Cohen played for the Newark Bears from 1929 until June 1932, when he was assigned to Minneapolis of the American Association. Despite the leg injury, Cohen led all International League second baseman in 1931 with a fielding percentage of .985, with 11 errors in 323 putouts and 412 assists, in addition to 66 double plays. With Minneapolis in 1933, Cohen led all American Association second basemen with a fielding percentage of .981 in 121 games.

Cohen was inducted into the United States Army on May 26, 1942, reporting to Fort Niagara. He was a first sergeant with the 21st Engineers, and saw action in Italy and Africa.

After the war, Cohen continued his career as a manager in the minor leagues. Cohen managed the Denver Bears, then of the Western League, from 1951 to 1954, leading the team to a championship in his final season. After Ralph Houk was named as a coach of the New York Yankees for the 1958 season, Cohen was chosen to fill Houk's spot as manager of the Denver Bears, then the Yankees' top minor league team in the American Association.
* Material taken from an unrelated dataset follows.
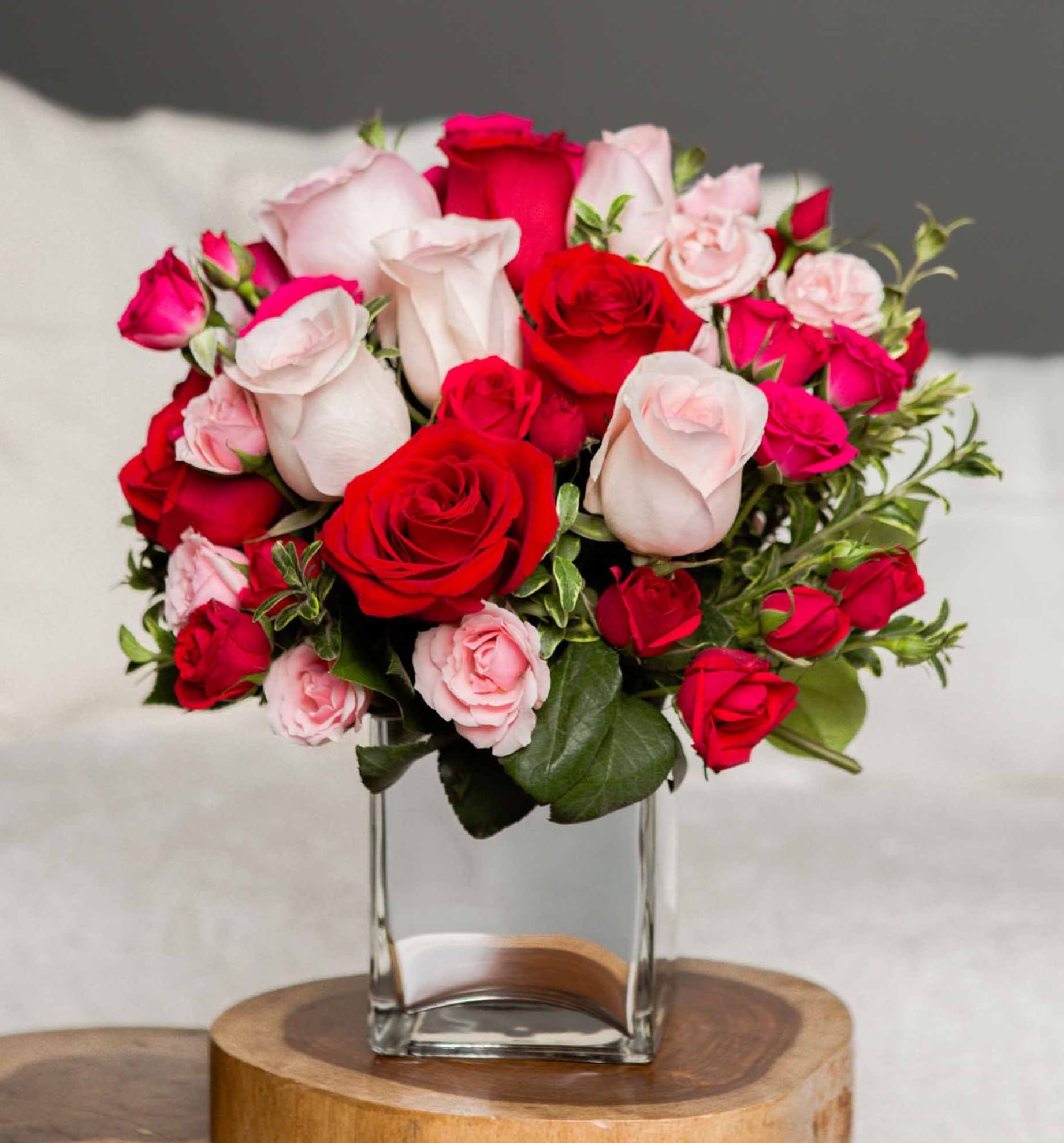 Bouquet of red and pale pink roses in a clear glass vase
He was a minor league manager after his playing career ended from 1939 to 1957.

In 1956–57, Cohen managed the Chesterfield Smokers of the Panamanian Professional Baseball League.
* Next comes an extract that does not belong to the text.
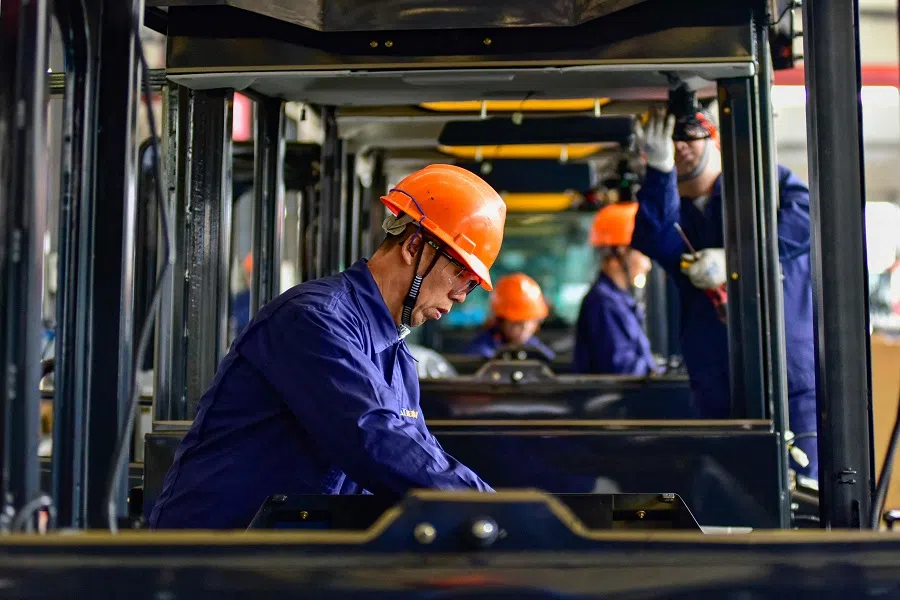 Workers build cabs for excavators at a factory in Qingzhou, in China’s eastern Shandong province on 31 October 2024. (AFP)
Cohen was also a coach with the Philadelphia Phillies in 1960. After manager Eddie Sawyer stepped down after losing the first game of the season, the Phillies hired Gene Mauch as his replacement, but had Cohen manage one game before Mauch could join the team, leading the Phillies to a 5–4 win in ten innings over the Milwaukee Braves. This was the only game Cohen ever managed in the major leagues, leaving him with a perfect record as a manager.

He returned to his hometown, where he coached the baseball team at the University of Texas at El Paso for 17 years.

Cohen died four days after his 84th birthday and 6 months after his brother Syd in El Paso, Texas on October 29, 1988.

In 1989, the El Paso Diablos moved into Cohen Stadium, a 9,725-seat stadium that was named in honor of Andy and his brother Syd.